The important difference is this: There was a good reason for the Volcker-Reagan recession: defeating inflation. American voters may not be terribly economically sophisticated, but they sure as heck did notice when inflation went from 13.5 percent to 3.2 percent — in two years.
This is a salient point - Ronald Reagan was trying to reduce the damage done by the previous Administration's ham=handed and inept economic policies. And it worked - as Williamson notes, inflation dropped drastically in only two years. Mission accomplished!
Unfortunately, this does not seem to be clear to our friends on the Left side of the political spectrum. One of the commenters writes,
Reagan was an incredible deficit spender, I don't think you can distinguish between Obama and Reagan on that factor.
Unless this is a joke, this comment displays a distressing lack of understanding both of history and of international relations. Yes, Reagan did do some large defiicit spending. But, as was the case with the economic policies, there was a reason. A good one. Reagan believed that the Cold War needed to end and he did not think (correctly, as it turned out) that the Soviet Union could keep pace with the US if the Cold War turned into a competition between economic methodology. By spending freely on the US military, he forced the Soviets into an arms race they simply could not win. And his full-throated defense of liberty and freedom gave heart to the millions of enslaved Eastern Europeans. Essentially, Ronald Reagan put his money where his mouth was and bet that the US could win an economic showdown with the Soviet Union. And he was right.
In 1980, when Reagan came into office, the world was resigned to the grim menace of Soviet tanks and proxy wars. Reagan ended that, at least as far as the Soviets were concerned. Proxy wars will go on forever, but the specter of Russian tanks crossing into Western Europe is gone. Ronald Reagan performed two vital actions during his eaight years in office - he won the Cold War (though the Soviet Union did not finally collapse until his successor was in office) and he crushed the inflation caused by Jimmy Carter and his de-regulation put the US on a solid economic course that has lasted by and large until the current Administration.

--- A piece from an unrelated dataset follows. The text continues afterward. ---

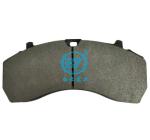 Ceramic Standard Size WVA29087 Truck Brake Lining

I don't see how you can compare Reagan and Obama either, but not for the reasons our commenter friend listed. I don't see how you can compare actions taken with a firm goal in mind - a goal that was achieved in both cases largely by the time Reagan left office - to Obama's destructive spending. If Obama's goal is to make the entire country dependent on government and to make the political class into feudal masters, then I guess he is succeeding. But to me there is a fundamental difference between spending to defeat an enemy and spending to make government more powerful. Reagan was all about smaller government. Obama? Not so much.